Investors representing billions urged 17 Big Banks to appease the Tribe
Treaty violations and excessive force against water protectors concerned the investors.
They point out a number of banks have already pulled assets from DAPL.
Lake Oahe is rightfully Sioux land, they emphasized, and DAPL should be rerouted.
A group of more than 120 investors, representing a $653 billion in assets, exhorted 17 banks — including Wells Fargo and Citibank — to reconsider their investments in the Dakota Access Pipeline, over continued abuse of peaceful opposition, degradation of Indigenous rights, and potential contamination with oil to the waters of the Missouri River.
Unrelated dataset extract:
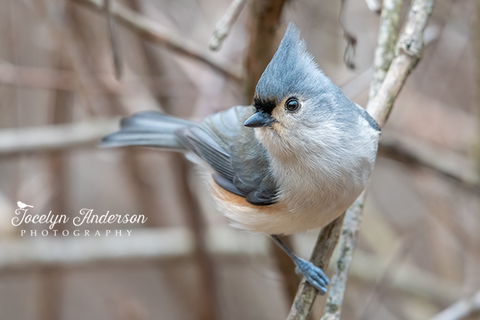 Tufted Titmouse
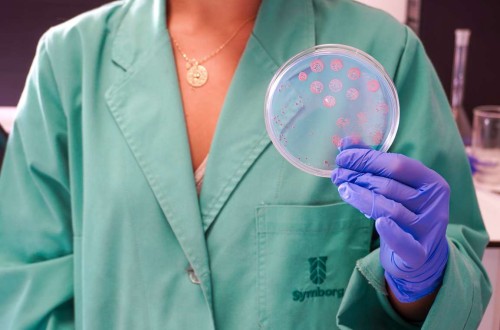 La multinacional Corteva Agriscience adquiere la empresa murciana de control biológico Symborg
“We are concerned that if DAPL’s projected route moves forward, the result will almost certainly be an escalation of conflict and unrest as well as possible contamination of the water supply,” the investors wrote in a “Statement to Banks Financing the Dakota Access Pipeline.” “North Dakota state and local governments have spent over $22 million on law enforcement costs since August 2016, and demonstrators have already been arrested and cleared from the area with considerable use of force.”
Of urgent concern to the investors, according to the statement, is the threat the pipeline poses to the water supply of the Standing Rock Sioux Tribe’s reservation, compounded by North Dakota’s violation of a treaty established in 1851, demarcating the land as tribal territory.
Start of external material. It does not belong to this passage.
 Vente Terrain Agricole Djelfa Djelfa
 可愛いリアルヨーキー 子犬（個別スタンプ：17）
Due to ongoing controversy, it must be reiterated a Supreme Court decision in 1980 affirmed the territory in question — notably, including Lake Oahe, where DAPL will cross beneath — had been wrongfully taken from the tribe’s control by the U.S. government. Compensation offered for the extreme transgression has been flatly refused by the Standing Rock Sioux, who feel money could never supplant the cultural and historic value of the land, itself.
In short, although Lake Oahe and surrounding lands aren’t part of the reservation today, it’s only due to the government acting wrongly taking it in the first place — it is rightfully that of the Standing Rock Sioux.
A solution for the political nightmare of DAPL’s route through Sioux treaty territory has already, repeatedly been offered by tribal leadership — reroute, but don’t halt, the pipeline.
“Banks with financial ties to the Dakota Access Pipeline may be implicated in these controversies and face long-term brand and reputational damage resulting from consumer boycotts and possible legal liability,” the investors explain. “As major shareowners of these banks, we are very concerned about the financial risks this poses to the investments we oversee and to those whom we serve as fiduciaries. To date, we understand that consumers have closed bank accounts worth over $53 million — and are threatening to pull another $2.3 billion — from the banks financing DAPL. We note that ABN AMRO announced recently it would discontinue its lending relationship to Energy Transfer Equity ‘if an acceptable non-violent solution [is not] found among all parties impacted by the construction of the DAPL, including the Standing Rock Sioux Tribe.’”
As telling as the statement might be of ongoing pressure exerted by opposition to the fossil fuel industry, the investors merely toed the line of requesting divestment — the tone implies a stern warning failing to reconsider could have devastating consequences for Dakota Access.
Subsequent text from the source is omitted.